I have some real life photography friends I'm talking about lighting and software with but they weren't sure what kind of cameras and lenses would be good for photographing aquariums and told me to talk to people that were actually doing that


----------



## papa_c (2 Feb 2017)

My belief as fish are constantly moving the main thing is a fast telephoto macro lens, this also gives the ability to compose and be able to fine tune the bokeh to the desired amount.

The main weight of the camera generally comes from lens, the more glass elements the heavier it will be. Shooting from a tripod would make it easier, with my Nikon I have a remote IR trigger, genuine Nikon accessory for about £10 worth every penny as I can trigger a moon shot on 200mm zoom with no camera shake.

Not being a professional photographer I would get the same results from my D7000 as I would from a high pro body. Buy a camera body that will allow you to grow your skills and not an entry level, it saves money in the long run.

Ken Rockwell web site has a ton of very useful info to look through on camera reviews and lenses


----------



## alto (3 Feb 2017)

Sarah Casper said:


> told me to talk to people that were actually doing that


again go through Mark Evan's journals  cameras lens software lighting all make the discussion list 
I still consider his photos to be some of the best on ukaps


----------



## Chris Jackson (3 Feb 2017)

Do check out the Fuji X series cameras and lenses. 
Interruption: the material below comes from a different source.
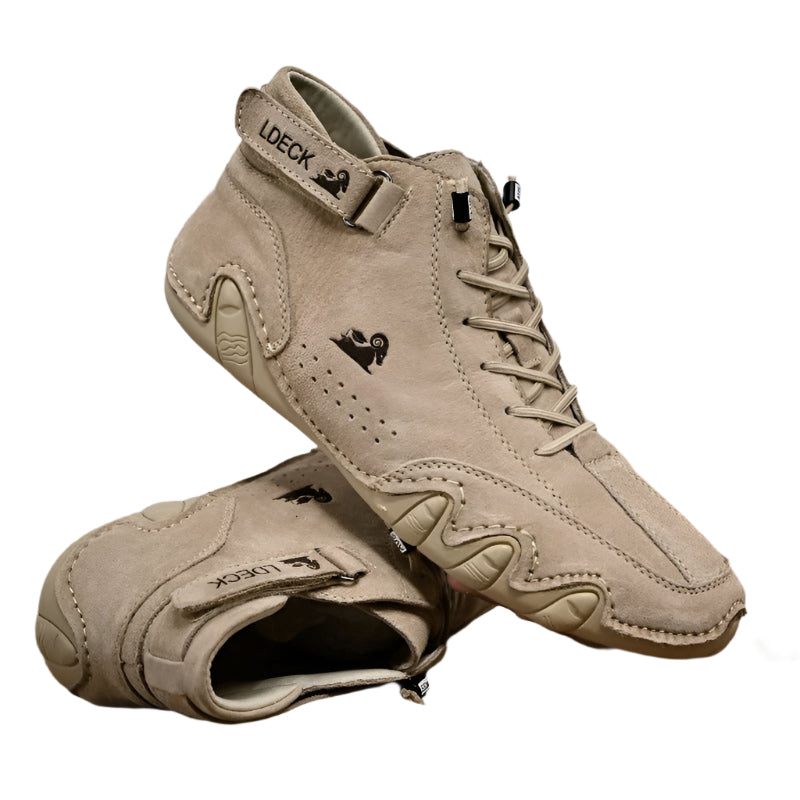 Variant image for Herre Sko Beige Elegant Læder Orthopædisk Design-1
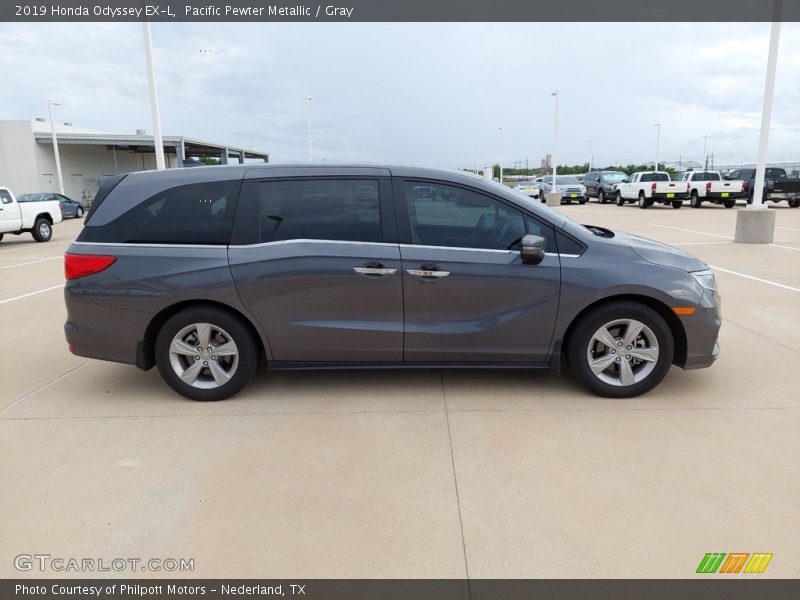 Pacific Pewter Metallic / Gray 2019 Honda Odyssey EX-L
Fantastic compact fit, feel and control with some beautiful Lieca challenging lenses and image quality.


----------



## chrism (3 Feb 2017)

Personally, I can't see buying Leica camera and lenses being worth it.  Unless you are making money from photography you'll be able to get images almost as good from just about any other decent manufacturer.  

Lens and operation will have more impact than manufacturer.

I'd recommend a full frame DSLR with a pro level lens.  


Sent from my iPhone using Tapatalk


----------



## KipperSarnie (3 Feb 2017)

Love the money we're spending for you!


----------